Per tutta risposta, quella arriccia un sopracciglio, a esprimere estremo dubbio e una punta di disgusto verso il tipo.

-         Che era?!

-         Cosa “che era”?

-         Quella voce! Ché non L’ ha sentita?

-         Ah, sì, in effetti sì… Ma ho pensato fosse uno di quei mirevoli oggettini che voi giovani vi portate dietro di solito: fanno tanti di quei rumori che io ormai, me lo consenta, non ci faccio mica più caso.

-        Ma che cazzo dice scusi? Non ha sentito che era un di un uomo? Pareva fosse qui sopra!

E alza la testa a scoprire la presenza di un idiota appeso ai rami del castagno sopra di loro.

      -    Eccola! Oh, ma L’ ha sentita?!  Adesso che c’ abbiamo, pure la Voce Narrante?!

      -      A quanto pare… la cosa La disturba?

Strabuzza gli occhi.

Ora li rassottiglia colmi di stizza, volti di nuovo verso un punto indefinito… diciamo i rami dell’ albero.

      -     Convengo con Lei, Signorina, che è piuttosto fastidiosa… ma che vogliamo farci, ormai è qui, non la si può mica mandar via. D’ altronde non avrei idea di come fare, a essere sinceri.

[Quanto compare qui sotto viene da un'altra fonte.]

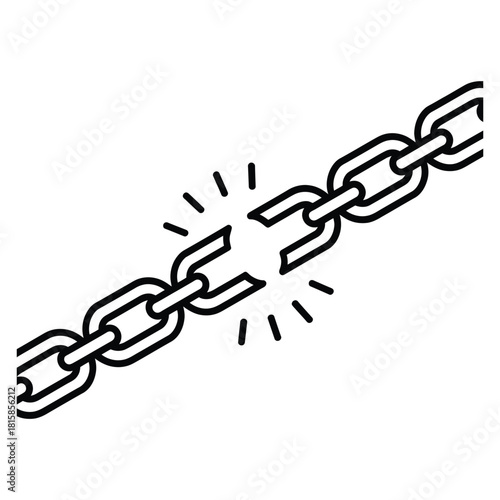 A broken chain link isolated on symbolizes weakness, vulnerability, and the need for repair, highlighting the importance of strength and resilience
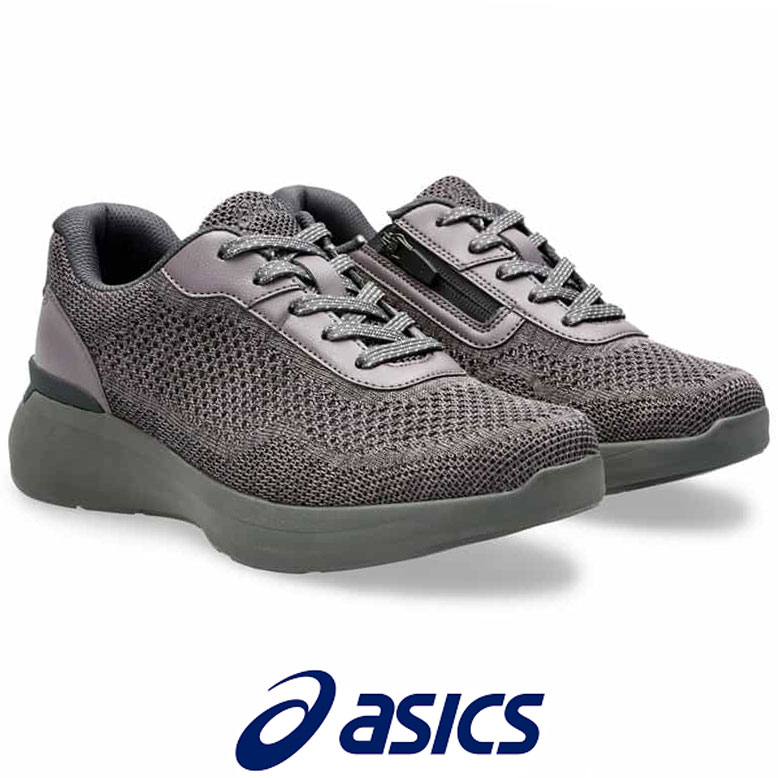 レディース ウォーキングシューズ 幅広 5E相当 アシックス ニーズアップ ダークグレー O脚 ひざ asics KNEESUP 1242A022 020 ファスナー ジッパー ウォーキングシューズ スニーカー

     -      A essere sinceri, mi sono pure un po’ stufata: io stavo benissimo per conto mio, La prego di andarvia lei e la sua Voce!

     -     Scusi ma non è mica mia la Voce! Sarà arrivata per conto suo, come Lei sedotta dalla quiete del posto, o come me decisa a farmi gli affari Suoi, o per qualche altro motivo suo… ah, questo mi riporta però sui binari della questione principale, ovvero la mia curiosità verso il Suo stato umorale, Signorina. Cos’ è mi dica… problemi di cuore?

     -    Sta benissimo il mio cuore, grazie! Ho piuttosto ragione di preoccuparmi, se proprio Lei è interessato all’ argomento, per l’ ipotalamo e correlati.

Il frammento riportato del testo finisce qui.